The initiative includes support for the White House Presidential AI Challenge, a national effort designed to encourage students, educators, and community teams to apply AI to real-world problems. 


Amazon, the online retail giant, is expanding its efforts in order to give K-12 students and educators hands-on experience learning artificial intelligence (AI).

At the CES 2026 tech conference in Las Vegas, Ben Moskovich, senior manager of public policy at Amazon Web Services, said the company aims to train 4 million learners. The goal: prepare 10,000 educators with AI-ready curricula by 2028.

The initiative includes support for the White House Presidential AI Challenge, a national effort designed to encourage students, educators, and community teams to apply AI to real-world problems. 
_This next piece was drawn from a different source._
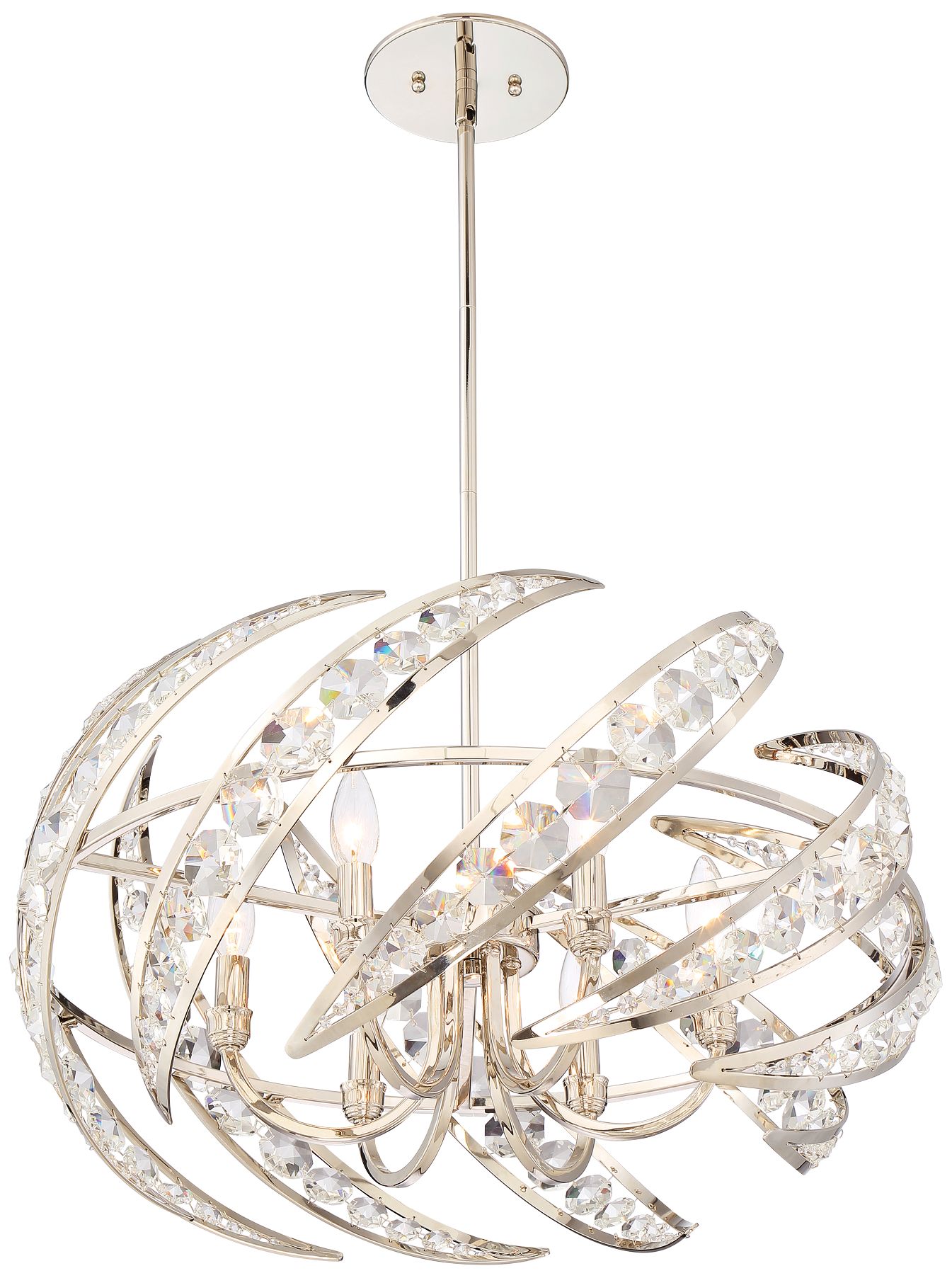 Platinum Crescent 24 1/2" Wide Nickel 6Light Pendant Light 18T67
The Amazon program is backed by $800,000 in investment through a partnership with education nonprofit PlayLab, which will help deliver AI tools and training across 18 education partners in seven U.S. regions. That expanded support will reach nearly 500,000 students, according to a recent announcement.

Moskovich said at CES that Amazon and PlayLab recently held a two-day workshop in Washington, D.C., bringing together about 60 middle and high school students to build AI-powered mobile applications and brainstorm future project ideas for the Presidential AI Challenge. Many participating students had limited or no previous experience with AI prior to the event, Moskovich said. 

The expanded AI education program is meant to integrate AI learning tools directly into classroom environments, giving educators the support and resources needed to incorporate artificial intelligence into traditional lesson plans. Schools participating in the program receive custom AI tools and access to professional development so teachers can help students design and test AI-based solutions to real-world challenges. 

Education officials and technology advocates say equipping young learners with AI skills may help prepare students for future careers in science, technology, engineering, and mathematics and close gaps in access to emerging technologies across school districts.